How Many Variants And Deaths Are We Willing To Accept, Before We Protect The Whole World?

The Covid-19 pandemic is far from over. As I write this, I am dealing with my own Covid-19 illness and fatigue. I am not alone. Millions of people worldwide are getting infected or re-infected with highly transmissible Omicron subvariants. Subvariant BA.5, in particular, causing surges in many parts of the world. BA.2.75 is another worrisome, new threat.

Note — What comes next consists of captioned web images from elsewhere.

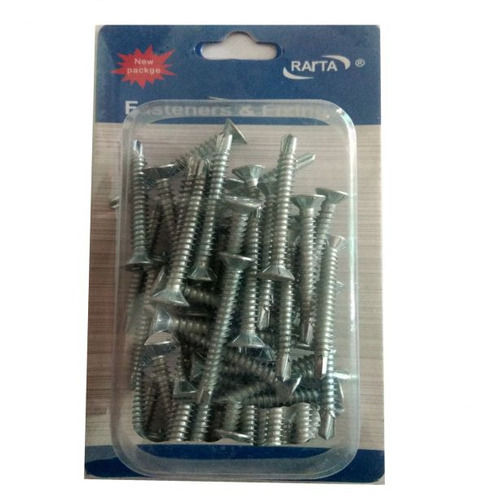 Golden 40 Mm Long Round Head Industrial Grade Rust Proof Iron Screw, 50 Piece 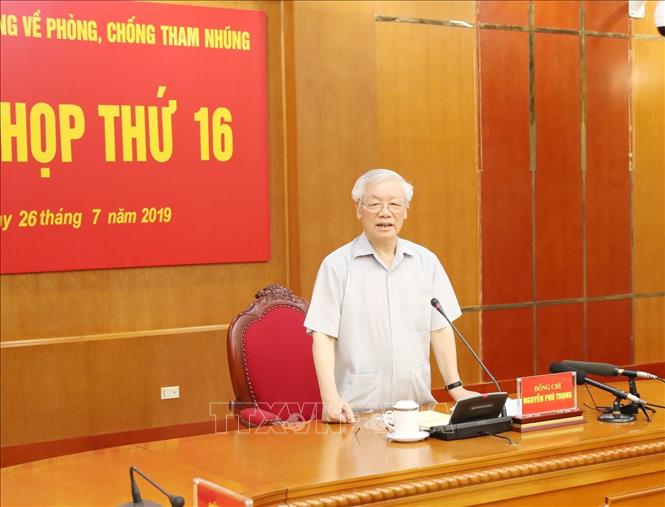 tong bi thu chu tich nuoc chu tri phien hop thu 16 ban chi dao trung uong ve phong chong tham nhung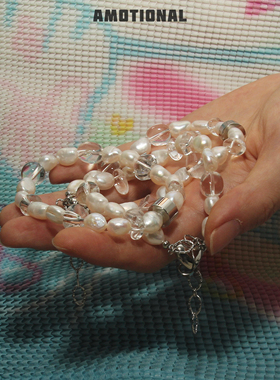 Amotional巴洛克珍珠白水晶手链手串手链冷淡风原创小众夏季叠戴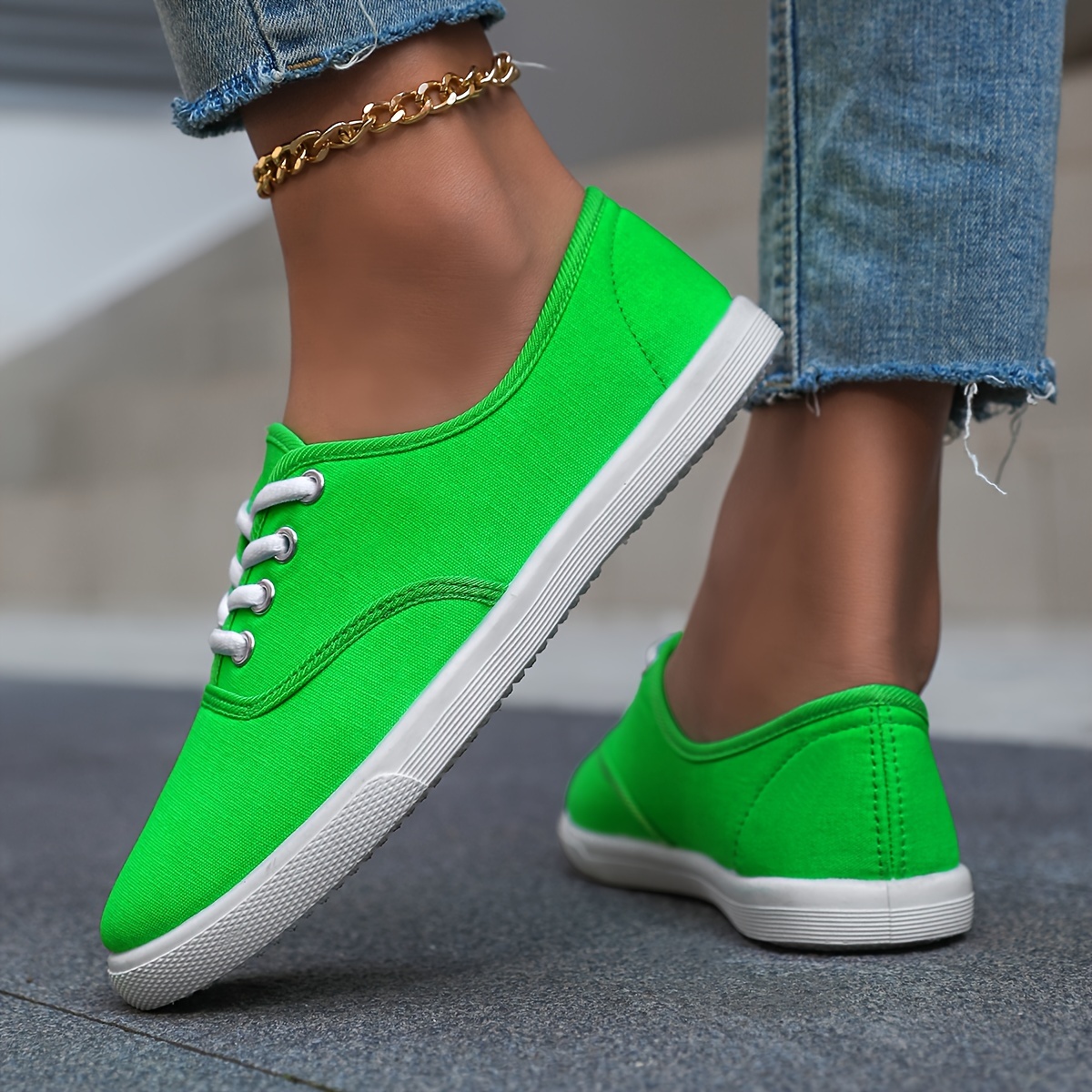 casual canvas sneakers women s low top lace walking shoes details 11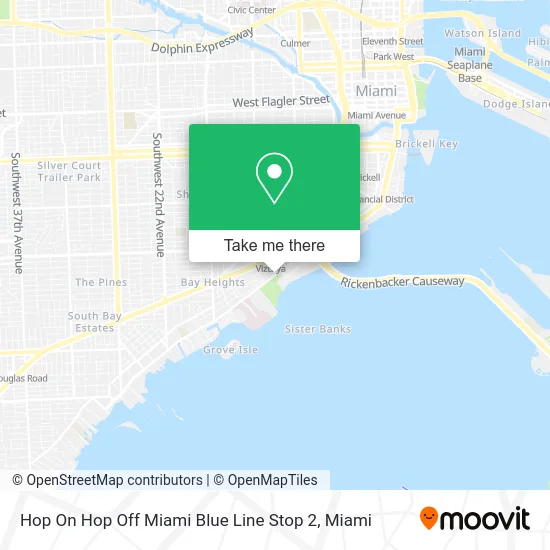 Hop On Hop Off Miami Blue Line  Stop 2 map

A year ago, the virus would have found me a soft target. Today, I am armed, battling the virus with the best tools science has offered – mRNA vaccines, boosters, rapid tests, and treatment options, should I need them. I am painfully aware that this is far from reality for millions of people in low- and middle-income countries (LMICs).

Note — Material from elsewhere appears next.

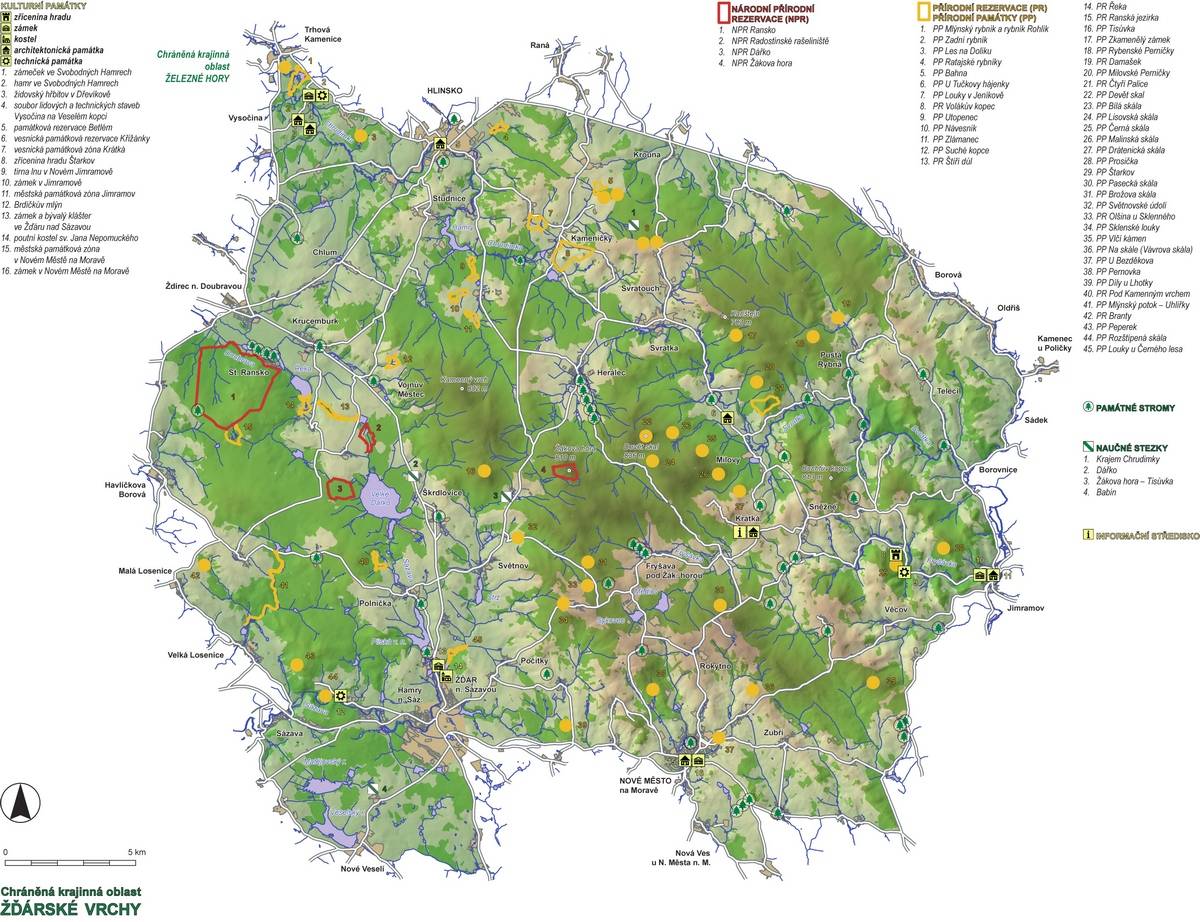 Výsledek obrázku pro Mapa CHKO Žďárské vrchy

A staggering 2.6 billion people, a third of humankind, mostly in LMICs, are yet to receive even 1 dose of Covid-19 vaccination. Although 12 billion doses of Covid-19 vaccines have been administered globally, only 19.1% of people in low-income countries have received at least one dose, 18 months after vaccinations began.

Rich nations have hoarded vaccines for many months, and the consequences are now visible to all – recent data show that more than 1 billion Covid vaccine jabs have been wasted. Millions of lives could have been saved, if these doses had been shared last year, when the Delta variant killed millions of people. I cannot forget the ferocity and brutality of the Delta surge that killed millions in India last year. India was a dire warning to the world and we ignored the warning.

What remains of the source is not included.